◆ **Problem details**
Only those lines running from the start of the listing below through the line that holds "تعدادی ماده درجه" are to be written out, exactly and in full.

(Records for this exercise begins)

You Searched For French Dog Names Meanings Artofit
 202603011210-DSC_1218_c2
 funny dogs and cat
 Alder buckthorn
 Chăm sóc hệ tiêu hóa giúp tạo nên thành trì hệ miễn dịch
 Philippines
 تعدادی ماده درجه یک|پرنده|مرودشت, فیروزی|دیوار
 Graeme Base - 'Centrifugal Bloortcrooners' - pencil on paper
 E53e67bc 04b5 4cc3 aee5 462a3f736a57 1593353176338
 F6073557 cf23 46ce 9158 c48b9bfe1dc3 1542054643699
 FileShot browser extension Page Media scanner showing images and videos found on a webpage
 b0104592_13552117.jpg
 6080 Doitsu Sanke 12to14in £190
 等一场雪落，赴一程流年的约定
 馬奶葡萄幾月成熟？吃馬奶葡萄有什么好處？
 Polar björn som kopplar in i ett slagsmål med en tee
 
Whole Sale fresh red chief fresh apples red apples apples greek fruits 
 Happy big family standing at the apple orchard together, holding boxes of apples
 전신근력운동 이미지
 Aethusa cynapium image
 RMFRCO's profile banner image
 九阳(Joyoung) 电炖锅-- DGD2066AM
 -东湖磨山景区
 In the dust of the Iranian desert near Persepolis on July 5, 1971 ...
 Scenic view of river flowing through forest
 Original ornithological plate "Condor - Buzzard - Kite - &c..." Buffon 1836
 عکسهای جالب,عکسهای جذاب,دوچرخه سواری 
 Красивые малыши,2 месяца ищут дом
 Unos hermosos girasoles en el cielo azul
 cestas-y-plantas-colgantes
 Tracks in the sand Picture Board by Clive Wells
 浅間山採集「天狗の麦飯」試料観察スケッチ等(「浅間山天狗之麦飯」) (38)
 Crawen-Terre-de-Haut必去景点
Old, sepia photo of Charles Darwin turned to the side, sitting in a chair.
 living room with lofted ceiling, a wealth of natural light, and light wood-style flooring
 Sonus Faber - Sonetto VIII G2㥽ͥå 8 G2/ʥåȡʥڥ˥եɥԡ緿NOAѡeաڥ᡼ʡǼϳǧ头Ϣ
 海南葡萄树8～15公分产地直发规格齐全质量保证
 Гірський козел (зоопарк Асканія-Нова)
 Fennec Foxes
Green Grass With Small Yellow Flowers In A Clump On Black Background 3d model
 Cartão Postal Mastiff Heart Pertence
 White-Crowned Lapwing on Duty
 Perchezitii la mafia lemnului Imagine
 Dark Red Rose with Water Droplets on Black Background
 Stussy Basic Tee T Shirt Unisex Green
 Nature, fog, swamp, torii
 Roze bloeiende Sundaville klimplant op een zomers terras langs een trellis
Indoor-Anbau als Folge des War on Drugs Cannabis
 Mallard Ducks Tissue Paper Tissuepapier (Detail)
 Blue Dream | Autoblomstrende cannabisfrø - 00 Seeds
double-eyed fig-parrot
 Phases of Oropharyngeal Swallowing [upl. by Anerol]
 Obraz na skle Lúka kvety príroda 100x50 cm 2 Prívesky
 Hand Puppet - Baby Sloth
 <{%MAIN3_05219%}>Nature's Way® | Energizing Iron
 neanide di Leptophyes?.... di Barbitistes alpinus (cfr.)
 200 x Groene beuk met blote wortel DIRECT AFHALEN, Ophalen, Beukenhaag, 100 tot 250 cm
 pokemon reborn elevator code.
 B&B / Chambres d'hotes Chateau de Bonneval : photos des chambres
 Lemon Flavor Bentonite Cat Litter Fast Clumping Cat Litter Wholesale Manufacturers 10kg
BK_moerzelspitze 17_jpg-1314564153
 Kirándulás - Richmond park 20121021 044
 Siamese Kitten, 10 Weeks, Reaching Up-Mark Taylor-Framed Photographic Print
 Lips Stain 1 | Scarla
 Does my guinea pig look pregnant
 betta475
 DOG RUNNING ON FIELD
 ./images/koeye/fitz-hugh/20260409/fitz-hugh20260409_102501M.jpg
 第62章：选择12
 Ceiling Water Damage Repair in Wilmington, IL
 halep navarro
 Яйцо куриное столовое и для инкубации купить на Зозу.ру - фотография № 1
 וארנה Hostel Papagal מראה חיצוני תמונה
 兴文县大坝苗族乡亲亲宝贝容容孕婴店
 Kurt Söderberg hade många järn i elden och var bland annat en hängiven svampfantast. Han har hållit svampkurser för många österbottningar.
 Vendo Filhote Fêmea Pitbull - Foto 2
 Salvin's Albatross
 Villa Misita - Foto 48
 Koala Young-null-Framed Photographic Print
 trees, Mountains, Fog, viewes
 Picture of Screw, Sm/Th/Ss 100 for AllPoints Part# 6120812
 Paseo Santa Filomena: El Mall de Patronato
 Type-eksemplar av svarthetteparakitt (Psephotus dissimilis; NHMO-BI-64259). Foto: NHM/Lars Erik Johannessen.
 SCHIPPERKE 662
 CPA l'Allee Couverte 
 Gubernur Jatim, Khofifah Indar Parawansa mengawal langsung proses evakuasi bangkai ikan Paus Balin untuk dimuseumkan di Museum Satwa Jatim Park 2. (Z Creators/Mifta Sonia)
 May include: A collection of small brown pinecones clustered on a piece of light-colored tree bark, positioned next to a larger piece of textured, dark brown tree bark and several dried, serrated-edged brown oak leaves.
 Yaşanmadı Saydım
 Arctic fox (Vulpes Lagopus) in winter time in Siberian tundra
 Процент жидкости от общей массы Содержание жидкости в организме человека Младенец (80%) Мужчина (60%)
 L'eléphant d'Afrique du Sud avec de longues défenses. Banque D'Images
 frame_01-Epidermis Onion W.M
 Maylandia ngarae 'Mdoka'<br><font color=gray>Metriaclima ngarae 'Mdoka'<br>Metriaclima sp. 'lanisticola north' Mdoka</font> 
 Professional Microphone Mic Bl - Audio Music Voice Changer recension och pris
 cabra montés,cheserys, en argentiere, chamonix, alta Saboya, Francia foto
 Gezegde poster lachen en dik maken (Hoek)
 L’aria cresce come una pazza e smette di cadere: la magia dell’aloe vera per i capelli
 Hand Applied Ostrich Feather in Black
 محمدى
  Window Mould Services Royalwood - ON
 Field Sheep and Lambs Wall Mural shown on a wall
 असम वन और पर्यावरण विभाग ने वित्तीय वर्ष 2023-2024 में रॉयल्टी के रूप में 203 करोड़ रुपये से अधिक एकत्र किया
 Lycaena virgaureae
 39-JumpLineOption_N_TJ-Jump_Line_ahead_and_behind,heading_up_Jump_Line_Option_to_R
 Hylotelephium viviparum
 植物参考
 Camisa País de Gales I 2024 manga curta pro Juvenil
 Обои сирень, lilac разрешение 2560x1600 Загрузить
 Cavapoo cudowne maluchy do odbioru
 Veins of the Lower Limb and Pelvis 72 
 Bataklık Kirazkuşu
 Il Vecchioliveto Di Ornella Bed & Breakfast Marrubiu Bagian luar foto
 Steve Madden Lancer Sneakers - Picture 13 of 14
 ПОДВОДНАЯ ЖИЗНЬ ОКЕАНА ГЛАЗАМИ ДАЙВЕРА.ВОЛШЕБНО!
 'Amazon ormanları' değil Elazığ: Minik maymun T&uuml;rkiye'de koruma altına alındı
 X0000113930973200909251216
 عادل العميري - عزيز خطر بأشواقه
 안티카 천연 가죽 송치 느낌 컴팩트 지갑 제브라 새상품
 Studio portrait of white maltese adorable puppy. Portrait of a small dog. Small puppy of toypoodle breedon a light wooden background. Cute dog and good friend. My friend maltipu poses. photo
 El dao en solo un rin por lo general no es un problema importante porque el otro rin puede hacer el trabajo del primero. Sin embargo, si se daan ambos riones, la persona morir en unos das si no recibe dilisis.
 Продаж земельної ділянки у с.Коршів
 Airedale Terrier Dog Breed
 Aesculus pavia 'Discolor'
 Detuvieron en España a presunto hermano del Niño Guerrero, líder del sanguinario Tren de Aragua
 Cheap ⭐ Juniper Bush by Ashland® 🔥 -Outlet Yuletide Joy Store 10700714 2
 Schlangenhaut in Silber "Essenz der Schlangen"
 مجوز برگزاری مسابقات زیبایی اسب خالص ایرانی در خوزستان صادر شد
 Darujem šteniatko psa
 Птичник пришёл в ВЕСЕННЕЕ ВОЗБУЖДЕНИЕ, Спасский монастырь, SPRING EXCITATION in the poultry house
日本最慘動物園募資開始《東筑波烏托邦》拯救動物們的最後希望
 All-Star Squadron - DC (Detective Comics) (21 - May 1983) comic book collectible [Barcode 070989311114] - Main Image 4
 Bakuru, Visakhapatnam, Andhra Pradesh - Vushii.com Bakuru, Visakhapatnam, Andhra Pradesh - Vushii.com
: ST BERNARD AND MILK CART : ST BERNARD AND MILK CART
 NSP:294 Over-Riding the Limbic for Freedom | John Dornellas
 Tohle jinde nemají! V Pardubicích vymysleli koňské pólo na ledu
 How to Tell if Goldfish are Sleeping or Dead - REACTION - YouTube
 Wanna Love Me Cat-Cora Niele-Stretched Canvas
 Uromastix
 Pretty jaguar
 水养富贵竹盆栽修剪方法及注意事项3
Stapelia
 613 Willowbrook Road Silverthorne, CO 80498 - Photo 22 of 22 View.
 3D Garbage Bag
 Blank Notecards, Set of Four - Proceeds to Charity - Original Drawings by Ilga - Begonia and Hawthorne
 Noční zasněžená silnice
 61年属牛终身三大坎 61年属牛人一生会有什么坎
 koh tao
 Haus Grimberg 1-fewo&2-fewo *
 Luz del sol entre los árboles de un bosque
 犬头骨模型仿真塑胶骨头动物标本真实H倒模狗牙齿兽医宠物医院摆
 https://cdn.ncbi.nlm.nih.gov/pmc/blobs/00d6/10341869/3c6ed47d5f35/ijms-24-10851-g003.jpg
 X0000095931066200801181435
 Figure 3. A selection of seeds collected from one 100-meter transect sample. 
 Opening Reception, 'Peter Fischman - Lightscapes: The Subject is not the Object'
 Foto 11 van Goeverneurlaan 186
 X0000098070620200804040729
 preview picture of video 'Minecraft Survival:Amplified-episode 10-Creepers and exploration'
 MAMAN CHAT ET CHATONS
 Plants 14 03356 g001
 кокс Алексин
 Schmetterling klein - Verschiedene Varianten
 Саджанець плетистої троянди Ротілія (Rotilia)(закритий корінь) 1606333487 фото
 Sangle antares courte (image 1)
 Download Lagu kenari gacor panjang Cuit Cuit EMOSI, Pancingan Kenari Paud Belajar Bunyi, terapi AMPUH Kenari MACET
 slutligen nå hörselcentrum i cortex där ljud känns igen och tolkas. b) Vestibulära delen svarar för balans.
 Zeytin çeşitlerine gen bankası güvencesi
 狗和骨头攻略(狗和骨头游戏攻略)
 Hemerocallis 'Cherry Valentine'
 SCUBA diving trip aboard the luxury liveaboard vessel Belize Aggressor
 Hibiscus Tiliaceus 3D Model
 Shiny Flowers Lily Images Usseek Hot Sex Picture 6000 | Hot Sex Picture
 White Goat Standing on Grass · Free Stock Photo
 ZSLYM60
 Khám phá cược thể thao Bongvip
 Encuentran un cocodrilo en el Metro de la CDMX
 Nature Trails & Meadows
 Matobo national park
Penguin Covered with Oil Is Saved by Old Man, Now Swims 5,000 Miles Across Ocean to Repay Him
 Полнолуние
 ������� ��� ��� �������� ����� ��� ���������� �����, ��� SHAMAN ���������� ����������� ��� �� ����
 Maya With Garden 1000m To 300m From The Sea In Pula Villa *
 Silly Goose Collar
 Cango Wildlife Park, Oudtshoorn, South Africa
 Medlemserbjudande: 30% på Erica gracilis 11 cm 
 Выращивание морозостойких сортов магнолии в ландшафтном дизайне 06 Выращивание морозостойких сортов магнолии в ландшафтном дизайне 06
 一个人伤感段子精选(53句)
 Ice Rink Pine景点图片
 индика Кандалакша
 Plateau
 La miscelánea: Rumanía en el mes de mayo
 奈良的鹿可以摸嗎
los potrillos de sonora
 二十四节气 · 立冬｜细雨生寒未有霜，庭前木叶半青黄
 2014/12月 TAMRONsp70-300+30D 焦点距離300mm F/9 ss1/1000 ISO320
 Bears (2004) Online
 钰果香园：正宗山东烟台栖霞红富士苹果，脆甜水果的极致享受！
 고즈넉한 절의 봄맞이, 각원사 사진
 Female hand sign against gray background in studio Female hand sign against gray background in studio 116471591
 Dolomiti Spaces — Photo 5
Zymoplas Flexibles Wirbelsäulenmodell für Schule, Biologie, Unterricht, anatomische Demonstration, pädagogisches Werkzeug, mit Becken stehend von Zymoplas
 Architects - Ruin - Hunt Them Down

(Records for this exercise ends)

◆ **Written solution**
You Searched For French Dog Names Meanings Artofit
 202603011210-DSC_1218_c2
 funny dogs and cat
 Alder buckthorn
 Chăm sóc hệ tiêu hóa giúp tạo nên thành trì hệ miễn dịch
 Philippines
 تعدادی ماده درجه یک|پرنده|مرودشت, فیروزی|دیوار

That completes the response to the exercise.